Amanah Agent AI presents a moderate-to-high risk profile due to its integration with public-facing communication channels like WhatsApp and voice calls, which increases the surface area for prompt injection and unauthorized workflow execution. The lack of explicit security guardrails or compliance certifications in the listing highlights potential exposure when deployed in sensitive sectors like healthcare and e-commerce.

OWASP AIVSS score rationale

AIVSS = (CVSS_Base + AARS) × Mitigation_Factor, where AARS = (10 − CVSS_Base) × (Factor_Sum / 10) × ThM
CVSS base 7.5AARS uplift 1.21Factor sum 4.6/10Threat ×1.05Mitigation ×1.0
Autonomy of Action
0.70
Goal-Driven Planning
0.50
Self-Modification
0.10
Dynamic Tool Use
0.60
Persistent Memory
0.50
Contextual Awareness
0.60
Dynamic Identity
0.20
Multi-Agent Interactions
0.20
Non-Determinism
0.70
Opacity & Reflexivity
0.50

Scored with the canonical OWASP AIVSS formula (AIVSS calculator reference); agentic risk factors estimated from the agent’s described capabilities.

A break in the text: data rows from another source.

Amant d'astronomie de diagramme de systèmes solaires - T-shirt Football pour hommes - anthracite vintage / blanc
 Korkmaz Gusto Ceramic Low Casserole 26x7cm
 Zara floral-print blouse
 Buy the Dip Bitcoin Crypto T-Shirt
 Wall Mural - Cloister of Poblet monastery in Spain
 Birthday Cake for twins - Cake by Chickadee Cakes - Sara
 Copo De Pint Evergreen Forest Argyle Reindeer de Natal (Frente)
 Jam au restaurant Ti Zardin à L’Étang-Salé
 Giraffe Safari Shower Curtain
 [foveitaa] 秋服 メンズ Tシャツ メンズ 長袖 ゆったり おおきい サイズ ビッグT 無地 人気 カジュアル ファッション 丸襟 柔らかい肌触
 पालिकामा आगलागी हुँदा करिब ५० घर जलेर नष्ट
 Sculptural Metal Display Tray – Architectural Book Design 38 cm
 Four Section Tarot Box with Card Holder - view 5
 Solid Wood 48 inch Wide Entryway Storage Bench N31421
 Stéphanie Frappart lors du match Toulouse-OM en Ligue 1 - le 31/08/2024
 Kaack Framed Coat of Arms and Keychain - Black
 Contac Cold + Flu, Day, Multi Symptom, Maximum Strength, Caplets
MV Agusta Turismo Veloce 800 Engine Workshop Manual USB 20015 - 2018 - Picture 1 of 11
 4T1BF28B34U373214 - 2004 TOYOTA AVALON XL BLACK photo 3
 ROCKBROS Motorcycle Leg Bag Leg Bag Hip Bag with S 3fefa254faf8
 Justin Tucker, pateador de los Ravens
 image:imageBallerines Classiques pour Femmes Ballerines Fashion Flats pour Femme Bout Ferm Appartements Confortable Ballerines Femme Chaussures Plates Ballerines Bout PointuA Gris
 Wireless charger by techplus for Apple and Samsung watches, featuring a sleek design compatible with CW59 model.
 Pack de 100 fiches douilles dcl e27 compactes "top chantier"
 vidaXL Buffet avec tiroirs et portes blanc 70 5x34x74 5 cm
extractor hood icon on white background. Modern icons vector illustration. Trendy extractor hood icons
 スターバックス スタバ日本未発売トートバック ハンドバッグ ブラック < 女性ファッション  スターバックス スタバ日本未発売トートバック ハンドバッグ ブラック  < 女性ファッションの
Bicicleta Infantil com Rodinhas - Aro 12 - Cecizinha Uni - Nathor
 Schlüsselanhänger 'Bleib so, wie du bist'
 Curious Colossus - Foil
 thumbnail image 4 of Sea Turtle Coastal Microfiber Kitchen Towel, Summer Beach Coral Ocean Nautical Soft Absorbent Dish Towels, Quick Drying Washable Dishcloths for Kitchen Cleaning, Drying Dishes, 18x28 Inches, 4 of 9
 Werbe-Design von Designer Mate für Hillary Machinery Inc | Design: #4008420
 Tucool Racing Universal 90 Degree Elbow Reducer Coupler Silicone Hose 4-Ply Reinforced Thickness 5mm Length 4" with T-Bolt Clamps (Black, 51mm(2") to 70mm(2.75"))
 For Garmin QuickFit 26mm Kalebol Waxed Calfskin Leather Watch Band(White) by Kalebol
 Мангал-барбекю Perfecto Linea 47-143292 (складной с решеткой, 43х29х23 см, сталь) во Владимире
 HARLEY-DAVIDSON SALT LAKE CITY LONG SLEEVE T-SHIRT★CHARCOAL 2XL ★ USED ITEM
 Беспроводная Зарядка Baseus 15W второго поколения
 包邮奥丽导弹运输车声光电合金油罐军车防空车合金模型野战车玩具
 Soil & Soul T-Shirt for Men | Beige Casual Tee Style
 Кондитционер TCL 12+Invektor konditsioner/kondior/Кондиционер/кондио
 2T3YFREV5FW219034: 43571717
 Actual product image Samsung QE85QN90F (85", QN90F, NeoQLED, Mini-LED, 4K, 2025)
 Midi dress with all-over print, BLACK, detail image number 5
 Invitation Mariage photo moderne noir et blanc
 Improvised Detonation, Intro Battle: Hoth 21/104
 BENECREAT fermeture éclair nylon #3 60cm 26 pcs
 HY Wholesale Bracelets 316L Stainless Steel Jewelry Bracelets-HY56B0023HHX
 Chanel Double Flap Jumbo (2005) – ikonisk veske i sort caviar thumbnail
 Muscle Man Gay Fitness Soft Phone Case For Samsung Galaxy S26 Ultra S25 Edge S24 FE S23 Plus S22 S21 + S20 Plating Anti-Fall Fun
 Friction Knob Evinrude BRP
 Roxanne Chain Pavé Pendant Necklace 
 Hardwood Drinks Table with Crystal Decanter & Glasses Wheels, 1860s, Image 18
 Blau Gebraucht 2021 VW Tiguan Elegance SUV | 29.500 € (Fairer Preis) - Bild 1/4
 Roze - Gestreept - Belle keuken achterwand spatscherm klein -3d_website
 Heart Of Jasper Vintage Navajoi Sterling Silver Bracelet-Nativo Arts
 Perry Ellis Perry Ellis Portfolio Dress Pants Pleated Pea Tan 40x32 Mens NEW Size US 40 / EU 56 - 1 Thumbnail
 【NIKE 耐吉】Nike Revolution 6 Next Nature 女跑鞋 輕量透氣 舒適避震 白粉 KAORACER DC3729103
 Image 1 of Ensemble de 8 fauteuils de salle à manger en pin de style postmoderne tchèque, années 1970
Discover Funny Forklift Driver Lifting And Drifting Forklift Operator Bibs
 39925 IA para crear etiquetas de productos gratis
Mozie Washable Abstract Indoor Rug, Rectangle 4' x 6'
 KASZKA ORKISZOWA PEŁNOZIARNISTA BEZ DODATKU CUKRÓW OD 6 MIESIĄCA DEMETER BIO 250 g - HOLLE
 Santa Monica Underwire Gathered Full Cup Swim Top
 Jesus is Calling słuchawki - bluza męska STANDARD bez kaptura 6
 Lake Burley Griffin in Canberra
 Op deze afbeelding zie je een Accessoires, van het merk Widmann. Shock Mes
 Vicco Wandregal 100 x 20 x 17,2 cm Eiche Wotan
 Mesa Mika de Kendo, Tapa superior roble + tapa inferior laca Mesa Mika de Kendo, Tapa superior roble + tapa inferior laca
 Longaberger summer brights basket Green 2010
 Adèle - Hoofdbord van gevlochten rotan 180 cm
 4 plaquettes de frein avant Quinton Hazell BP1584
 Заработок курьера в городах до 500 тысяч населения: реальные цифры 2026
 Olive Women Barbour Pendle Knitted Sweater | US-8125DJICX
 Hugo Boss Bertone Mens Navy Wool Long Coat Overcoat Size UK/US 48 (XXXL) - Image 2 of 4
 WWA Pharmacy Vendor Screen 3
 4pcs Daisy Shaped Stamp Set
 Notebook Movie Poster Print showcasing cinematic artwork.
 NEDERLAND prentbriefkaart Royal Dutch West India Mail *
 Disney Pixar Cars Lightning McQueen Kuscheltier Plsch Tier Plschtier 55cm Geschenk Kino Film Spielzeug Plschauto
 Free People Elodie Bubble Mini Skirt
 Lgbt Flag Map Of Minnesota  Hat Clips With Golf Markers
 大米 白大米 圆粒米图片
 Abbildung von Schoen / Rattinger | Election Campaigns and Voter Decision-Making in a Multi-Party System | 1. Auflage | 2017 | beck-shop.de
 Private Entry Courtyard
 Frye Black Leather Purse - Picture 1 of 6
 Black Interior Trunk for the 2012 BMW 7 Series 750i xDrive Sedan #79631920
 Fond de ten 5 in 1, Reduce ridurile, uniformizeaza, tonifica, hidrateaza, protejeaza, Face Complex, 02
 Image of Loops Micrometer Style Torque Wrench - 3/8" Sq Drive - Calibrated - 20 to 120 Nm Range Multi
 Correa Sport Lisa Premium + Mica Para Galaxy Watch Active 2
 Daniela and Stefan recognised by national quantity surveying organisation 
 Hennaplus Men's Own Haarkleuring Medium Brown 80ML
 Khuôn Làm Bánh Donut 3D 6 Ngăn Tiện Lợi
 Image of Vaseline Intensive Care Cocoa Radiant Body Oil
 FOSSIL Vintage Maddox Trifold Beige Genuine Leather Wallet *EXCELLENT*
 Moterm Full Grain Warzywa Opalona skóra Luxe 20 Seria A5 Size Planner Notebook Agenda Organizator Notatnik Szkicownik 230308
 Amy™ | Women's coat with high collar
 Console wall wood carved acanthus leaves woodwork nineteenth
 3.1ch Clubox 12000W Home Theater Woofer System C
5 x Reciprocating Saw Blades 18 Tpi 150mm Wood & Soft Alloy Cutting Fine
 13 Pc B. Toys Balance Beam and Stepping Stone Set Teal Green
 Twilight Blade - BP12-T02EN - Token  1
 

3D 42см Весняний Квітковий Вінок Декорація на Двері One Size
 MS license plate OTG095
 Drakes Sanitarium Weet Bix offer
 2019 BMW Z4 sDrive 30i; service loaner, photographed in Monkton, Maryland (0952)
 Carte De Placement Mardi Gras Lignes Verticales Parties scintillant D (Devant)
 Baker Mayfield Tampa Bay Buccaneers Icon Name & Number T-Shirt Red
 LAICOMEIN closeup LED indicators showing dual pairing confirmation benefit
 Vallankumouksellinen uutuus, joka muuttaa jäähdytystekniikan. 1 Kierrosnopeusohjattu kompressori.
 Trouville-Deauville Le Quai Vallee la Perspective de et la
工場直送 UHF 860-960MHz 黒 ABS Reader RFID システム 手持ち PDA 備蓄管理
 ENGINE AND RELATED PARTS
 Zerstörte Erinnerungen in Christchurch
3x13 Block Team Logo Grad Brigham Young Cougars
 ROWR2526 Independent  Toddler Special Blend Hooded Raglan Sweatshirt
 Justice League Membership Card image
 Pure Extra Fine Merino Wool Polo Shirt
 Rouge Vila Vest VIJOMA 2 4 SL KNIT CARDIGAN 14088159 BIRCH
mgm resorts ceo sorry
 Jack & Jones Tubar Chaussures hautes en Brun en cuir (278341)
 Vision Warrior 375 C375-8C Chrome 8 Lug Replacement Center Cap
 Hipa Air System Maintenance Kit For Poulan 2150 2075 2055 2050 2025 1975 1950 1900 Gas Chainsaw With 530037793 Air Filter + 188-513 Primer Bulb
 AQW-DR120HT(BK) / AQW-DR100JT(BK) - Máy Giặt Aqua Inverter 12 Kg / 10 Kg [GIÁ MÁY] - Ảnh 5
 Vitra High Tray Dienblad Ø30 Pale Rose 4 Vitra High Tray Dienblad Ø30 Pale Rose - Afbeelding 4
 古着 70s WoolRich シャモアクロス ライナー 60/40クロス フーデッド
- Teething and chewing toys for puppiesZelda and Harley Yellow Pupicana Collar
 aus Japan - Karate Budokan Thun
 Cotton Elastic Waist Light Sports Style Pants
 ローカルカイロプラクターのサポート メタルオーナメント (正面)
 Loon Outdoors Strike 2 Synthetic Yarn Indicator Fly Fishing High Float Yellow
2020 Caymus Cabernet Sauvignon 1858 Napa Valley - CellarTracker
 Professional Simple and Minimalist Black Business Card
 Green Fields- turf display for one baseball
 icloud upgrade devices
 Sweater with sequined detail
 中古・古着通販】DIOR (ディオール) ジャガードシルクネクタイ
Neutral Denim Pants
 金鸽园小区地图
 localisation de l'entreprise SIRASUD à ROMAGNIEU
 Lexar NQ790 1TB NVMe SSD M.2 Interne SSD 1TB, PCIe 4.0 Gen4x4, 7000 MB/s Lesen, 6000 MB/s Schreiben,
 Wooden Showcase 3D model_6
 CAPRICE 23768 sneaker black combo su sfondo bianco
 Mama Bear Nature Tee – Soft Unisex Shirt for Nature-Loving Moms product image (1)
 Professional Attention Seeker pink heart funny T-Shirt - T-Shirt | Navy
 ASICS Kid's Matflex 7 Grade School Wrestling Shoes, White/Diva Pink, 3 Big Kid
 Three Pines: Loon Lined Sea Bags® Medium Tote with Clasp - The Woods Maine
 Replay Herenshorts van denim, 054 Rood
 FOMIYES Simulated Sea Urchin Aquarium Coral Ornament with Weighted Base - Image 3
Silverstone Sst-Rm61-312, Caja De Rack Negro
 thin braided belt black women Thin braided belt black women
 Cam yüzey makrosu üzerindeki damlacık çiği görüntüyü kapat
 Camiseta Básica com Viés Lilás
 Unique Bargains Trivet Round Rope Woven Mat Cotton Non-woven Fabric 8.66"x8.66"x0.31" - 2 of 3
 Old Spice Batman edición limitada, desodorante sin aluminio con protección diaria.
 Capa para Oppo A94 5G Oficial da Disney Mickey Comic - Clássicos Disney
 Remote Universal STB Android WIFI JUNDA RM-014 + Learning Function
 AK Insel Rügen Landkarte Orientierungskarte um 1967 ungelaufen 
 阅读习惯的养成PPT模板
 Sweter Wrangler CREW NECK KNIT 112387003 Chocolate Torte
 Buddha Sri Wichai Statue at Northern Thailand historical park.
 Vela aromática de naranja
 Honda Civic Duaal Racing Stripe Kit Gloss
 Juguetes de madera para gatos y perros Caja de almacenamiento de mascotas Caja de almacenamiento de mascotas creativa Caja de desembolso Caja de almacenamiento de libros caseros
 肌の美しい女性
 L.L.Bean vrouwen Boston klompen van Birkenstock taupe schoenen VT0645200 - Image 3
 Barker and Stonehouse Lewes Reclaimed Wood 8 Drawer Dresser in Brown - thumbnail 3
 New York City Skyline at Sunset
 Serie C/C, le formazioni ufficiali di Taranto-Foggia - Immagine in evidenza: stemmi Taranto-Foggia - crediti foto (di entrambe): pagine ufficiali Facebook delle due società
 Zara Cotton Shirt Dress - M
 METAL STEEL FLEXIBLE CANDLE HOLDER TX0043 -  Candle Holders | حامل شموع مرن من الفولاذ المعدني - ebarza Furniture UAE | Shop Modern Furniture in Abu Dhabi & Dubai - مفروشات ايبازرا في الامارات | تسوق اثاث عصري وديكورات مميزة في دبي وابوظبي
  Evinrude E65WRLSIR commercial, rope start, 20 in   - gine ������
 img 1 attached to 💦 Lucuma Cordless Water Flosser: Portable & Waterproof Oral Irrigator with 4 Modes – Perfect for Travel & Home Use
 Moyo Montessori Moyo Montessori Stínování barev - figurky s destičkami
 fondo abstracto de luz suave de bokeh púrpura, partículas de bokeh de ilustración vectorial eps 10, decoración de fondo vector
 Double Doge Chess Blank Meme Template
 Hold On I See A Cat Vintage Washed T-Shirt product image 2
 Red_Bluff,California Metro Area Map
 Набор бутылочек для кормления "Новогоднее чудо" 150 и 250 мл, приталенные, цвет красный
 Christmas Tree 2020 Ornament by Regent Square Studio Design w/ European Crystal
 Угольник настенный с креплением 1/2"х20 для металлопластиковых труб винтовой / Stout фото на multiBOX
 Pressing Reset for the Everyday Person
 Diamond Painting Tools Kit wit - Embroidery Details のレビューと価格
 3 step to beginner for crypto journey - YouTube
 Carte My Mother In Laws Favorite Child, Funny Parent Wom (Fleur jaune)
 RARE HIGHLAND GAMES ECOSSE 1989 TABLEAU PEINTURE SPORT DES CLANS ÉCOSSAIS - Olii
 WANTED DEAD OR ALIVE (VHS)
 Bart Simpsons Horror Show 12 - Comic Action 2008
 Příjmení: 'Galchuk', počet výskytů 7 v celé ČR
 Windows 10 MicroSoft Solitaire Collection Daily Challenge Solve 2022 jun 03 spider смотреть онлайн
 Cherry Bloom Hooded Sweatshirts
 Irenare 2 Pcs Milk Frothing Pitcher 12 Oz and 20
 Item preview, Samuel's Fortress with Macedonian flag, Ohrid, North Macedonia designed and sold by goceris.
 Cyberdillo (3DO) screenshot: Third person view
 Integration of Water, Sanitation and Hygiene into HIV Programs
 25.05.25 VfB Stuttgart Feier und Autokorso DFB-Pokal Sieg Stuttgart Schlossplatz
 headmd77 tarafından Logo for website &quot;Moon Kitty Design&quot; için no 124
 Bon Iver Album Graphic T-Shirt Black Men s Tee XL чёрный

MAESTRO 7-layer threat model

Per-layer threats for this agent. Layers tagged “not certain from listing” are general, caveated commentary where the public description didn’t pin that layer.

L1 · Foundation Models⚠ not certain from listing

Not certain from the listing — likely relies on third-party LLMs for chat and voice processing. Primary threats include prompt injection bypassing visual workflows, leading to toxic or misaligned outputs directly exposed to customers over voice and WhatsApp.

L2 · Data Operations⚠ not certain from listing

Not certain from the listing — supports 'knowledge-base training' and 'business objects'. This introduces risks of knowledge-base poisoning (e.g., uploading malicious documents to alter agent behavior) and unauthorized exfiltration of sensitive customer data stored in the knowledge base.

L3 · Agent Frameworks✓ mapped

The platform utilizes a visual 'workflow builder' and 'chatbot builder' to orchestrate actions. Threats include insecure tool integration with ticketing systems and prompt injection manipulating the workflow logic to trigger unauthorized API calls.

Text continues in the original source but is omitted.